"Planétarium" : Natalie Portman et Lily-Rose Depp chez les fantômes
Les spirites et le cinéaste
"Planétarium" repose sur un scénario saugrenu. Rassembler dans une même histoire une évocation des sœurs Fox, qui "inventèrent" autour de 1850 le spiritisme aux Etats-Unis, et le destin tragique de Bernard Natan, producteur et distributeur français, successeur de Charles Pathé au seuil des années 30. Les deux sœurs se donnèrent en spectacle à travers les Etats-Unis et l’Europe, gagnant des milliers d’adeptes, dont Victor Hugo, Conan-Doyle, et leur principal disciple Alan Kardec.
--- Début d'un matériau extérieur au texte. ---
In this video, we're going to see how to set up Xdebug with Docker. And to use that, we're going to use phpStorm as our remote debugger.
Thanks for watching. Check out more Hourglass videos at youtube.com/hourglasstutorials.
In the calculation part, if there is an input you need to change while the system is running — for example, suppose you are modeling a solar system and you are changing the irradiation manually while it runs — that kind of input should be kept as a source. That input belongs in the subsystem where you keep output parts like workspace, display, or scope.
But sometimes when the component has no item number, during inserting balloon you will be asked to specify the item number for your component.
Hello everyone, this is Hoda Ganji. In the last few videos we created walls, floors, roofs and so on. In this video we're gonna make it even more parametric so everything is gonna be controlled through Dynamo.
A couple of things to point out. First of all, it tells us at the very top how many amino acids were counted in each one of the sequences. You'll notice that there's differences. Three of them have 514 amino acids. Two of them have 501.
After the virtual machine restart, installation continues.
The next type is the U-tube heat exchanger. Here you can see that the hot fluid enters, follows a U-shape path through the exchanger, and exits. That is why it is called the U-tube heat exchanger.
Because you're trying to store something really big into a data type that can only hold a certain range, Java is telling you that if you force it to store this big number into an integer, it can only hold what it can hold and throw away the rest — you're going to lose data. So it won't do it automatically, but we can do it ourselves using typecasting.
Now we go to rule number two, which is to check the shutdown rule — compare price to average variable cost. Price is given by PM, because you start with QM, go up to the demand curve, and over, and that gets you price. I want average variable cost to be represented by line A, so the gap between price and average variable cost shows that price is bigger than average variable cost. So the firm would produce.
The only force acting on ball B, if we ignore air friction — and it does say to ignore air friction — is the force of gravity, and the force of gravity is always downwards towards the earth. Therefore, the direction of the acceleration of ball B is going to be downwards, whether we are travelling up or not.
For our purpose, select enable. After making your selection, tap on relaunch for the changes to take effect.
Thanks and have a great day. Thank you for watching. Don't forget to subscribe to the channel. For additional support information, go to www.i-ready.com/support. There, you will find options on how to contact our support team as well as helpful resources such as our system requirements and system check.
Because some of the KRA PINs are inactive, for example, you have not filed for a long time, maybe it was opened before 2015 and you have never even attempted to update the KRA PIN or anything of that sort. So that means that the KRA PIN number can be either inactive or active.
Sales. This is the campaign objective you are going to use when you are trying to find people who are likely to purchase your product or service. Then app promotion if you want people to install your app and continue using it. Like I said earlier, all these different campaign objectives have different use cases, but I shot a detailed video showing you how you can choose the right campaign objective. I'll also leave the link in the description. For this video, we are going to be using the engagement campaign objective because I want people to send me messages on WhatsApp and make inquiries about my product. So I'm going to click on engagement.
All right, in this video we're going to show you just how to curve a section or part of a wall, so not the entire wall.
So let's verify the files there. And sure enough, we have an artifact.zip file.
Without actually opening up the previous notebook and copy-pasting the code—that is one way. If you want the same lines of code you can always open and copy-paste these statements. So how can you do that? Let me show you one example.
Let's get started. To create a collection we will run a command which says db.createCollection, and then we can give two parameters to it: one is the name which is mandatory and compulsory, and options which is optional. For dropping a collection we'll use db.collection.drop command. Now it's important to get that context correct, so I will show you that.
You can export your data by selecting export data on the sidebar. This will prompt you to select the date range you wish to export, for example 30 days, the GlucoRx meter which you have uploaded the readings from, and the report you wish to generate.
Bernard Natan, lui, est féru de cinéma, repreneur de la maison Pathé en 1929. Il subit un tel destin qu’il est identifié à un "Dreyfus du cinéma français", tant il fut attaqué pour ses origines juives, né en Hongrie, emprisonné en 1939 et finalement assassiné à Auschwitz en 1943.Rebecca Zlotowski change les noms et amalgame ces deux histoires dans les années 30, en pleine montée du nazisme, au moment où Hitler prend le pouvoir. Elle invente une rencontre entre les deux sœurs (devenues Barlow) et Natan (André Korben dans le film) qui, subjugué par leur pouvoir, décide de réaliser un film permettant de visualiser à l’écran les ectoplasmes qu’elles invoquent. Le projet est prometteur, mais Rebecca Zlotowski et son coscénariste Robin Campillo ne parviennent jamais à joindre les deux bouts dans ce qui devient un grand film malade. Grand par son ambition, malade par son déséquilibre ; la greffe ne prend pas.
Chimères
Métaphore autour du cinéma et de la montée de l’horreur nazie, "Planétarium" invoque les fantômes que sont les ombres et lumières de l’écran, tels des spectres. Ils annoncent les terribles chimères issues des camps à venir, elles-mêmes imprimées sur la pellicule quelques années plus tard, pour témoigner. Natan/Korben en est une lui-même. Au milieu de cette fusion laborieuse, le film immisce une passion amoureuse entre Laura Barlow (Natalie Portman) et André Korben (Emmanuel Salinger), alors qu’une relation équivoque lie les deux sœurs. Cela fait beaucoup pour un seul film. A courir plusieurs lièvres à la fois, on en perd la chasse.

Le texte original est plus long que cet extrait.